General characteristics
- Class & type: Ivan Susanin-class patrol ship
- Displacement: 3,710 t (3,650 long tons) (full load)
- Length: 70 m (230 ft)
- Beam: 18.1 m (59 ft)
- Draught: 6.5 m (21 ft)
- Installed power: 3 × 13D100 (3 × 1,800 hp)
- Propulsion: Diesel–electric; two shafts (2 × 2,400 hp)
- Speed: 15.4 knots (28.5 km/h; 17.7 mph)
- Range: 10,700 nautical miles (19,800 km; 12,300 mi) at 12.5 knots (23.2 km/h; 14.4 mph)
- Endurance: 50 days
- Complement: 10 officers; 113 crew;
- Sensors & processing systems: MR-302 Rubka ("Strut Curve") surface and air-search radar; MR-105 Turel ("Hawk Screech") fire-control radar;
- Armament: 1 × twin 76 mm AK-726; 2 × 30 mm AK-630;
- Aviation facilities: Helideck for Kamov Ka-25 or Ka-27

= Russian patrol ship Neva =

Ivan Susanin-class icebreaking patrol ship

Neva (Нева) is a Soviet and later Russian icebreaking patrol ship in service with the Coast Guard of the Border Service of the Federal Security Service of the Russian Federation. It is one of eight Project 97P patrol ships built by Admiralty Shipyard in Leningrad in 1973–1981.

== Description ==

In the mid-1950s, the Soviet Union began developing a new diesel-electric icebreaker design based on the 1942-built steam-powered icebreaker Eisbär to meet the needs of both civilian and naval operators. Built in various configurations until the early 1980s, the Project 97 icebreakers and their derivatives became the largest and longest-running class of icebreakers and icebreaking vessels built in the world.

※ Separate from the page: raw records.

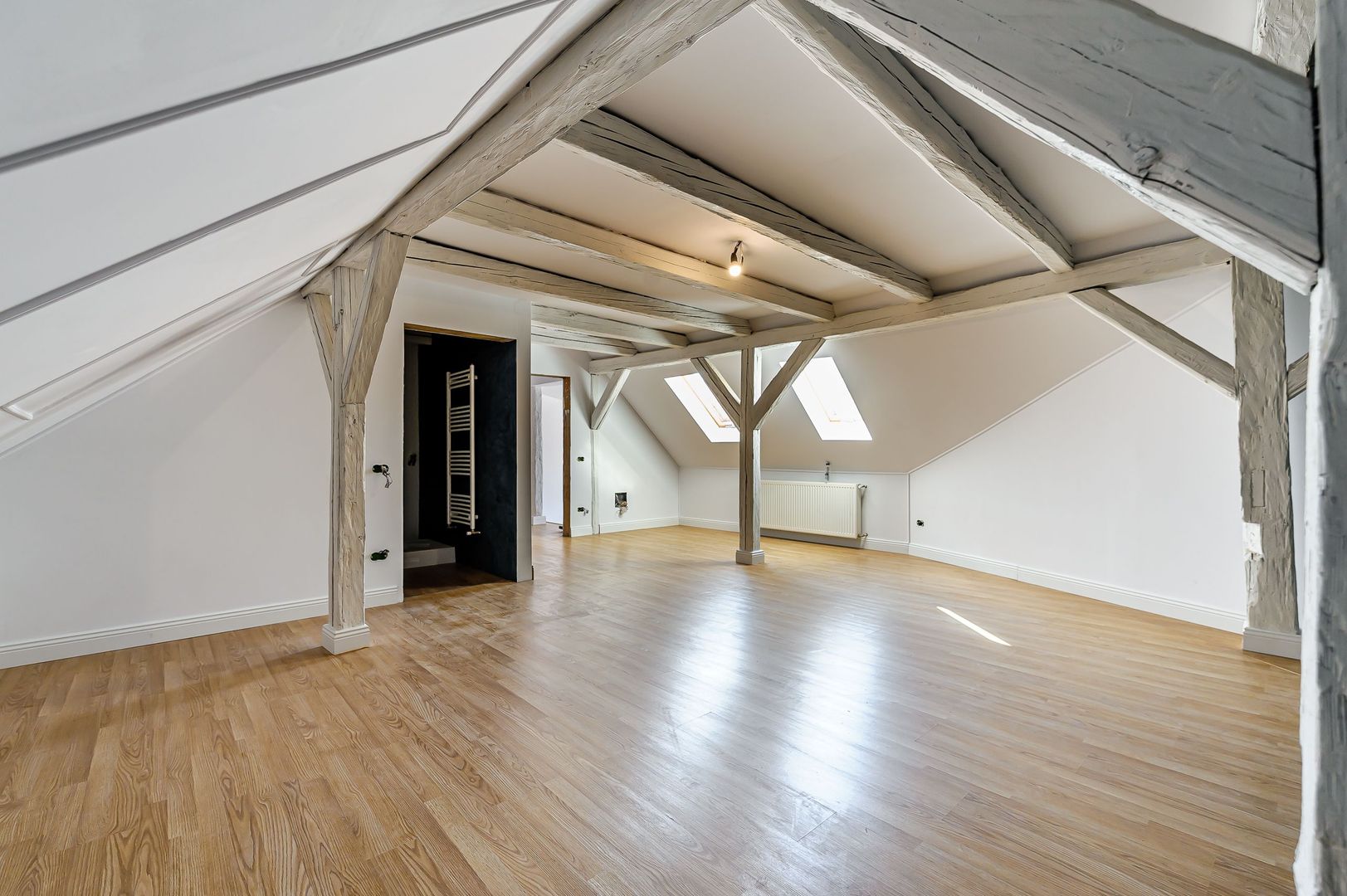 Apartament ultracentral cu 3 camere - Poză 8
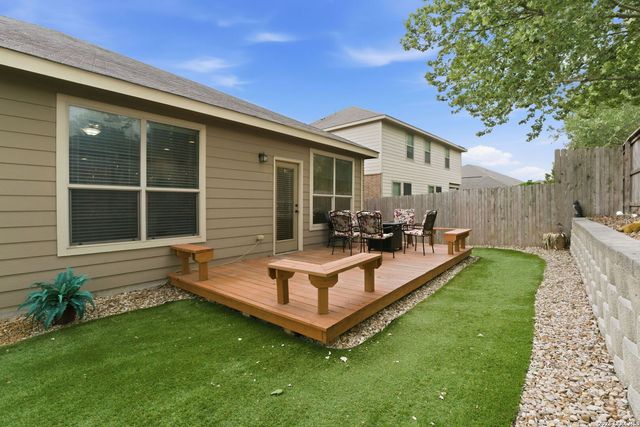 1720 SUNSPUR RD, New Braunfels, TX 78130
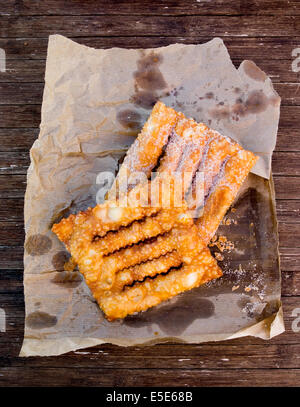 Coscorroes, typische Kuchen aus Alentejo, Portugal. Portugiesische Kuchen. Stockfoto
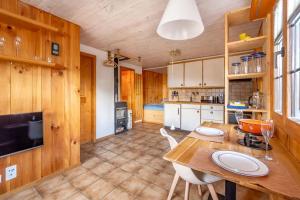 a kitchen with a table and chairs in a room at Mountainview Fireplace & Garden Bbq in Axalp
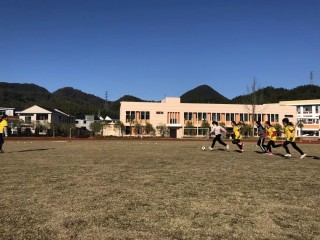 山区足球(山区孩子 足球梦)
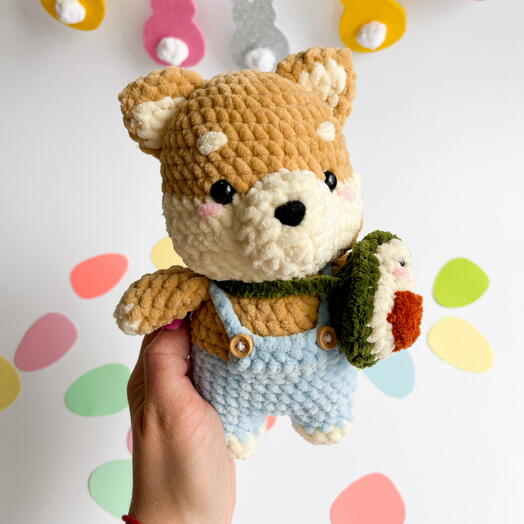 Вязаная собака сибу с рюкзачком — идеальный подарок для ребёнка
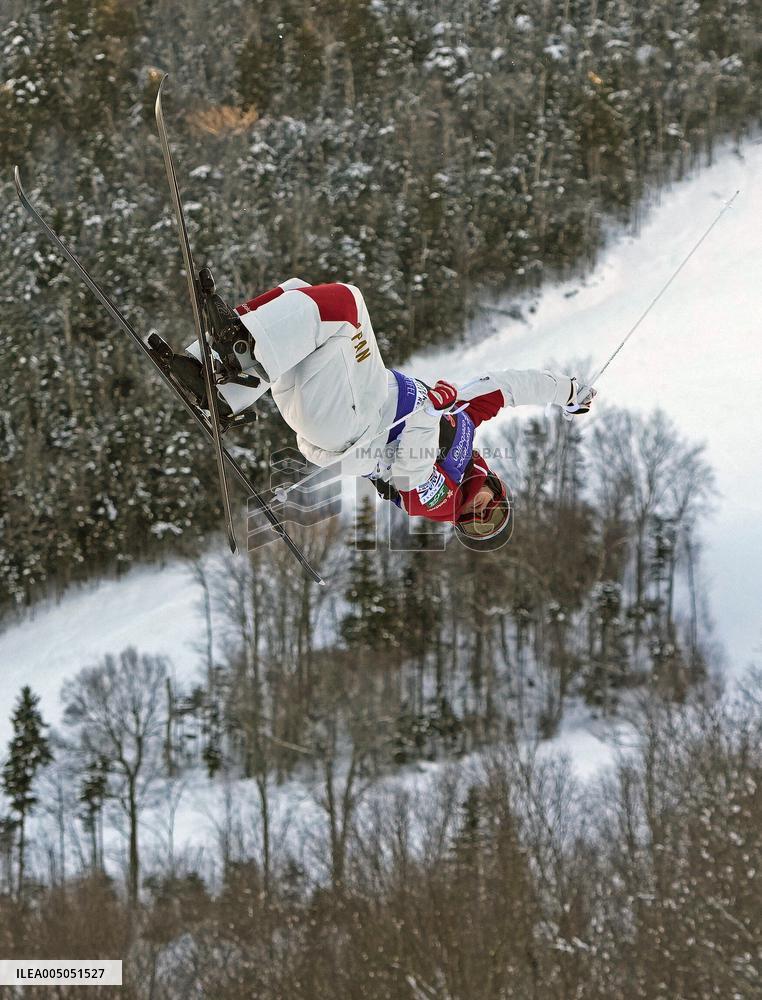 Freestyle skiing: Horishima at World Cup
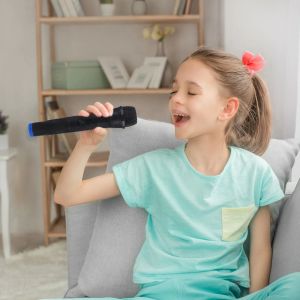Микрофоны беспроводные микрофоны Универсальный наружный пение пластиковое ktv Поддержка детских аксессуаров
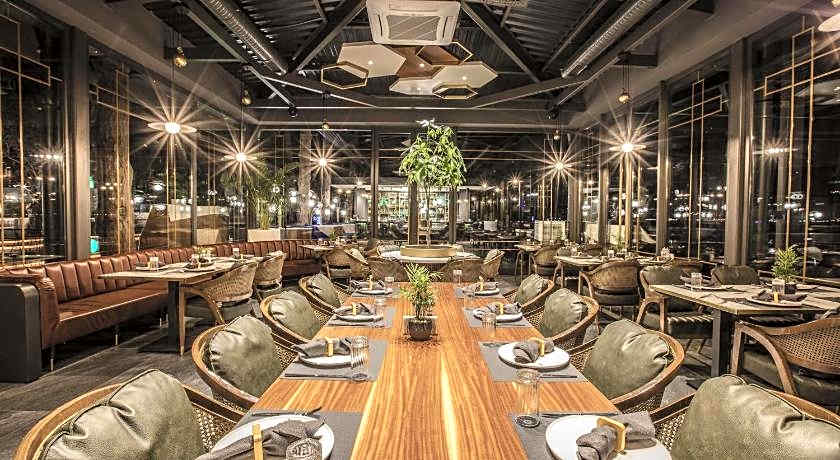 Unique Life Style Hotel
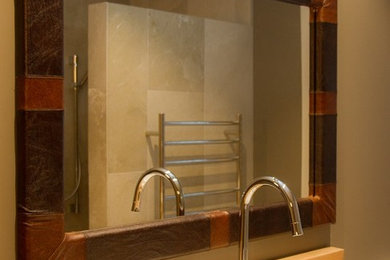 ハミルトンにあるトラディショナルスタイルのおしゃれな浴室の写真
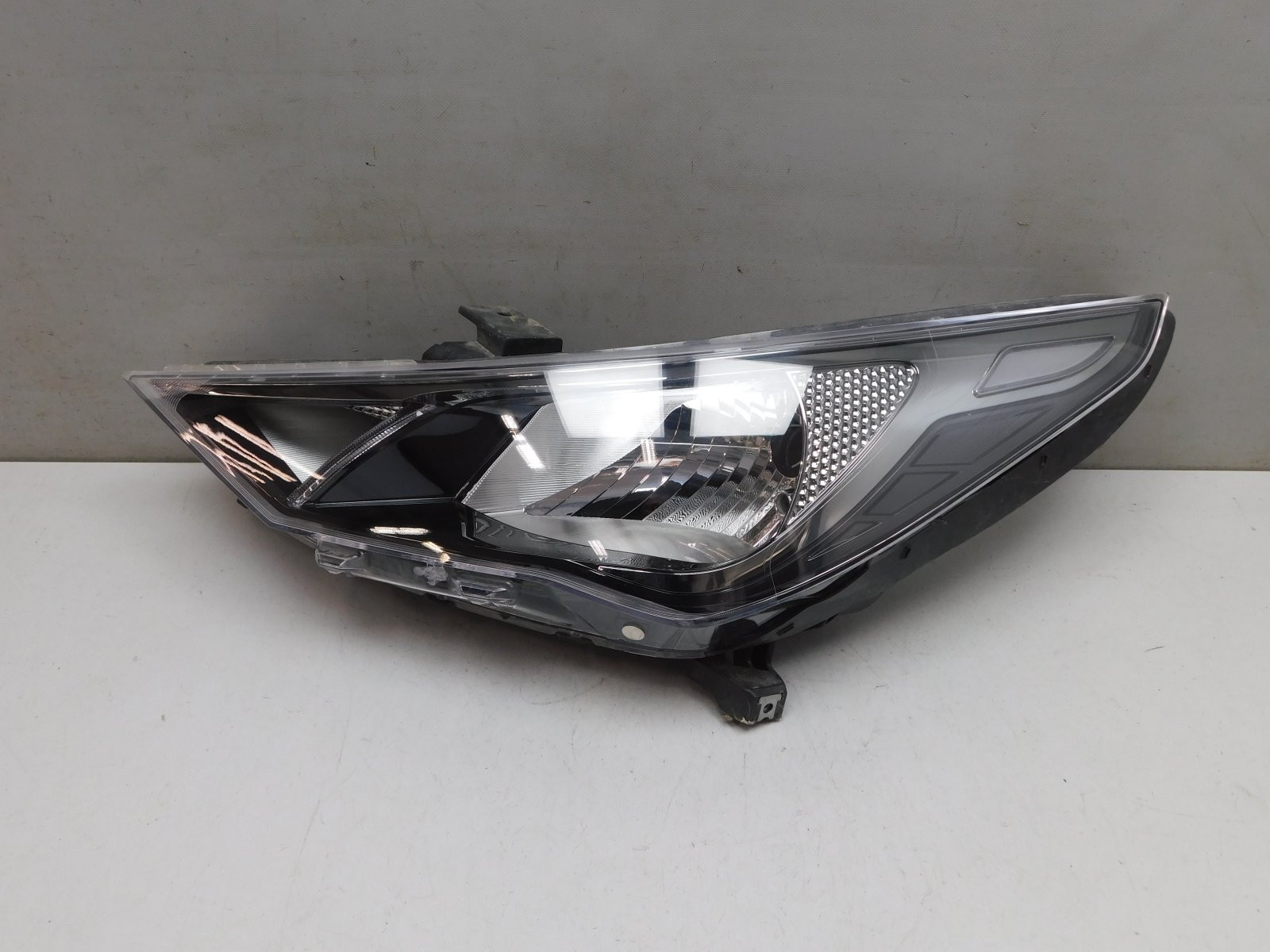 Фара левая Hyundai Solaris 2017>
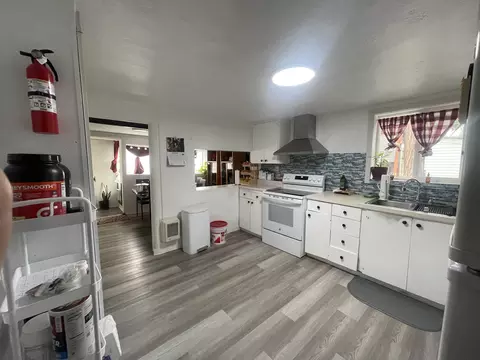 Kitchen - 7402 E 4th Ave, Spokane, WA 99212 photo 3 of 4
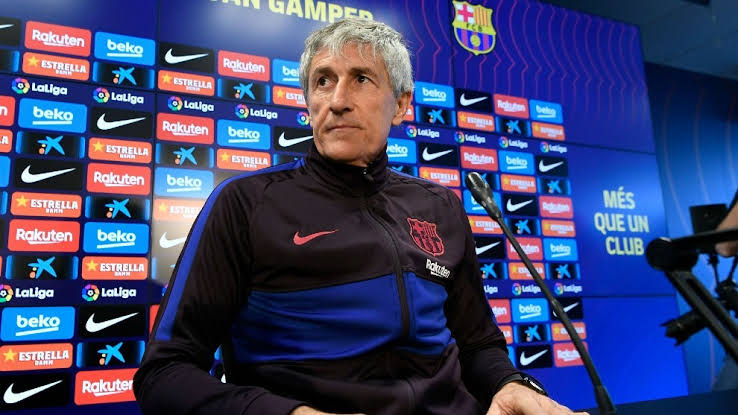 Barcelona destituye a Quique Setién como director técnico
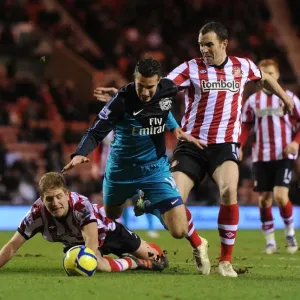 Van Persie's FA Cup Battle: Sunderland vs Arsenal - Turner and O'Shea Challenge the Dutch Star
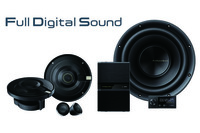 今回、国内初公開されたフルデジタルサウンドシステムの新製品は、「Z7」（写真左のスピーカー×2）、「Z3」（中央のプロセッサー、ツイーター×2、コマンダー）、「Z25W」（右のウーファー）で構成される。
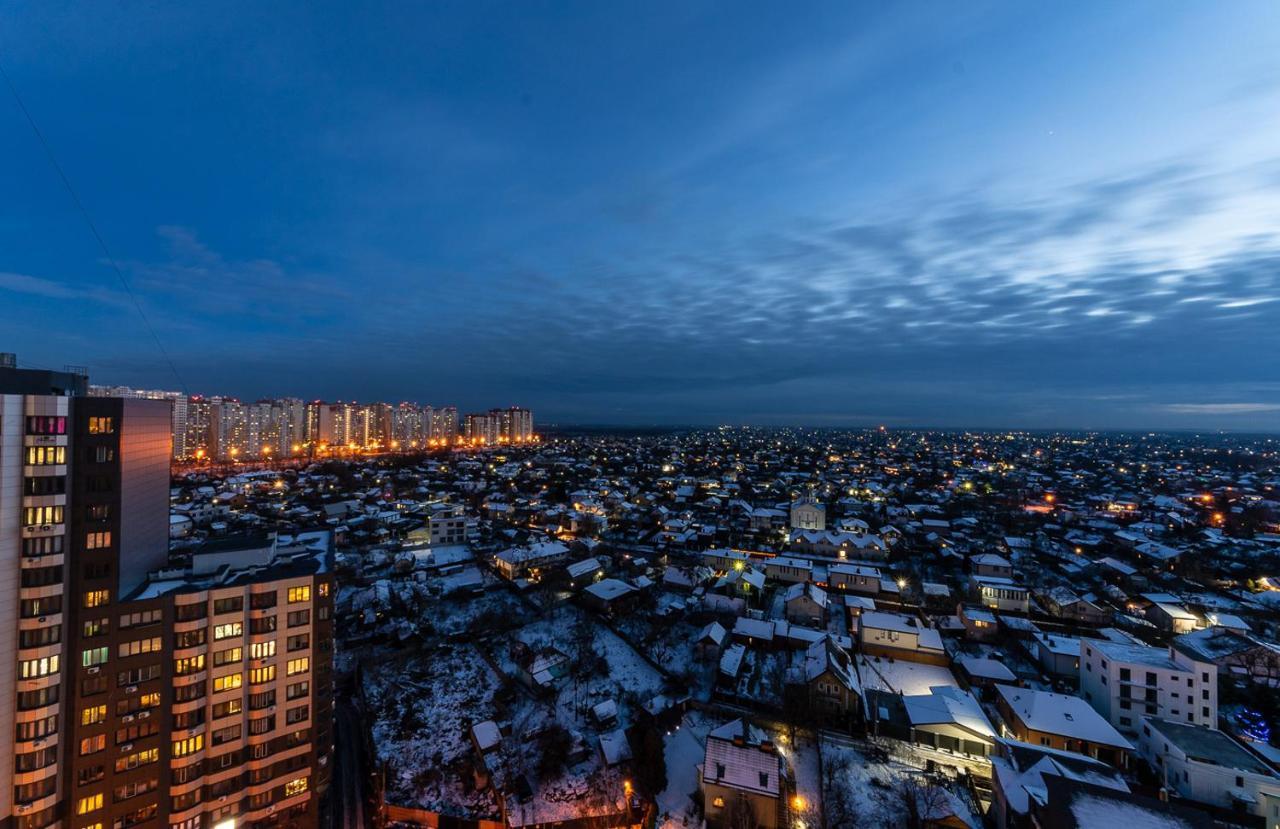 Luxury Apartment, Dniprovska Embankment26, Sokorki Kijev Kültér fotó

The patrol ship variant, Project 97P (97П), was developed as a response to the renewed interest of the Soviet Navy and Soviet Border Troops on icebreaking patrol vessels after United States Coast Guard and Canadian Coast Guard icebreakers began appearing more frequently near the country's northern maritime borders. New icebreaking patrol vessels were needed because existing Soviet naval vessels could not operate in ice-covered waters and large icebreakers, in addition to being unarmed and operated by civilians, could not be distracted from their primary mission of escorting merchant ships.

Project 97P patrol ships are 70 m long overall and have a beam of 18.1 m. Fully laden, the vessels draw 6.5 m of water and have a displacement of 3710 t. Their three 1800 hp 10-cylinder 13D100 two-stroke opposed-piston diesel engines are coupled to generators that power electric propulsion motors driving two propellers in the stern. In addition to being slightly bigger than the icebreakers they are based on, Project 97P lacks the bow propeller and features a bigger deckhouse built of aluminum-magnesium alloy to reduce weight as well as a helideck capable of receiving Kamov Ka-25 or Ka-27 helicopters.

All Project 97P patrol ships were initially armed with a twin 76 mm AK-726 deck gun and two 30 mm AK-630 close-in weapon systems, but the ships operated by the navy were later disarmed.

== History ==

The sixth of eight Project 97P patrol ships was laid down at Admiralty Shipyard in Leningrad on 23 November 1977, launched on 28 July 1978, and delivered on 27 December 1978. The ship was named after the Neva River and joined the maritime unit of the KGB Border Troops.

Unable to transit the Northern Sea Route in 1979, Neva was initially stationed in the western sector. In the following year, it sailed to the Russian Far East along the Arctic coast while escorting the Soviet Navy Delta III-class submarine K-223 Podolsk. For this reason, the vessel was fitted with a stern towing notch, a unique feature among the Project 97P patrol ships.

Following the dissolution of the Soviet Union, Neva was passed over to the Coast Guard of the Border Service of the Federal Security Service of the Russian Federation. The vessel remains in service as of 2024.